By Frank Newman on 25th May 2015
Budget 2015 continues a pattern of incremental rather than seismic change. There were however some surprises in the social policy area.
- A $790m child hardship package which includes a $25 increase in core benefits for beneficiaries with children. This appears to be the “dividend” from a government initiative to move people from welfare to work and savings more than first projected.
- Other changes in the welfare area include:
– Requiring most sole parents to be available for part-time work of 20 hours a week (instead of
15) once their youngest child turns 3 (instead of 5).
– Lower-income working families not on a benefit will get up to $12.50 a week extra from
Working for Families, and some very low-income working families will get $24.50 extra.
– The childcare assistance subsidy for low-income families will increase from $4 an hour to $5
an hour for up to 50 hours of childcare a week per child.
- With Auckland in mind, from 1 October the government will change the “intention test” tax regime to include all residential property sold within two years of purchase, thereby making gains on resale taxable income.
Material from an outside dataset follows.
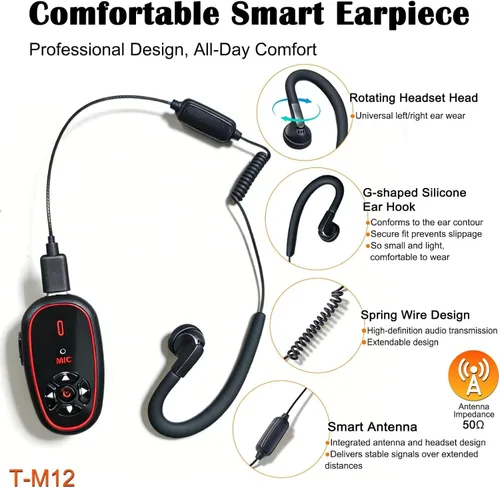 Vista 6 de T-M12 Super Mini Walkie Talkies con control de voz AI manos libres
Exemptions apply where it is a persons main home, inherited, or transferred in a relationship property settlement. The two-year rule does not apply to other forms of investment asset but all remain subject to the intention test and does not exempt residential investment property sold after two years if it was purchased with a resale intention.
- Whether the new law is a capital gains tax or not is one of semantics, but it does make it easier for a future government to turn it into a capital gains tax, for example by extending the time frame to say 5 years or 10 years and extending the range of assets caught by the time limit to include shares, businesses, art, and so on.
- These new measures follow the announcement by the Reserve Bank that it will impose greater lending restrictions on property buyers in Auckland and relax them elsewhere:
– From 1 October residential property investors in Auckland will be required to have a minimum
– Banks will continue to be limited to 10% of new mortgage lending to Auckland owner-
occupiers with deposits of less than 20%.
– Outside Auckland, however, banks will be allowed 15% of their new mortgage lending to low
deposit buyers, rather than 10% as now.
- An additional $29 million has been allocated to pursue property investors, bringing the total over the next five years to $62m. That is expected to generate $420m of extra tax over the five years! Put simply, the IRD will have more compliance officers “on the beat”. We encourage clients to consider Audit Shield (see below).
- From 1 October foreigners buying property in New Zealand will be required to have a NZ Bank account and IRD number. This is in part addressed at tracking down foreigners speculating in our property market but also counter money laundering in the cash economy.
- The government will make 500ha of state-owned land in Auckland available for housing. It is estimated that this may add between 4,500 and 10,000 houses. This is sensible, but not a quick fix. The time frame is measured in years rather than months, and longer if council planners hold up the process as is usually the case.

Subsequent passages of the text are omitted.